A brownout at the NFL
Some day, historians may look back on 2016 as the start of the irreversible decline of the National Football League, and certainly as the beginning of the end of Roger Goodell’s stint building an unstoppable powerhouse. Exhibit A: the epic botch of league discipline against New York Giants kicker and confessed domestic abuser Josh Brown.
The NFL, also struggling with declining ratings, and mushrooming evidence that hits to the head cause long-term brain damage, and early retirement by marquee stars, and a flatfooted response to a spate of national anthem protests, had a perfectly thrown ball on its fingertips — and dropped it.
Two years ago, the league got caught going easy on Baltimore Ravens running back Ray Rice after he clobbered his fiancée in an elevator.

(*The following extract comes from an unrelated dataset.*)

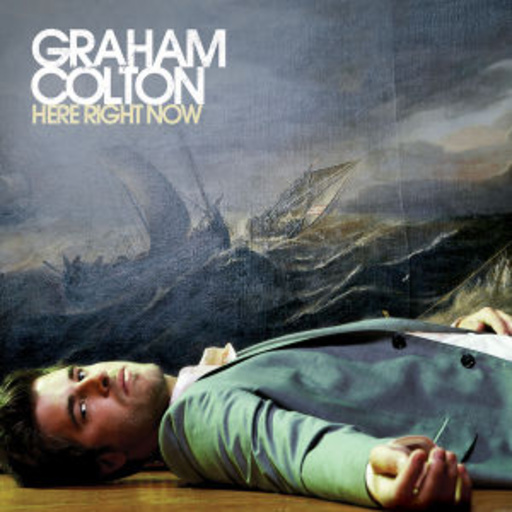 Graham Colton – Here Right Now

At the end of the embarrassing saga, Goodell, playing tough guy, laid down a tough new policy mandating a six-game suspension for any offender.
This year, the fact pattern repeated, almost eerily, with Brown. No smoking-gun video — but again, overwhelming evidence of battery, in this case against the woman who was his wife, followed by a meek one-game suspension for unspecified misconduct, complicated by what amounted to evidence of a coverup.
Tuesday, the Giants released Brown, surely hoping to put it all behind them. No can do. The damage is done. Americans are forced to ask: What is Roger Goodell thinking? Or to put a finer point on it, is Roger Goodell thinking at all?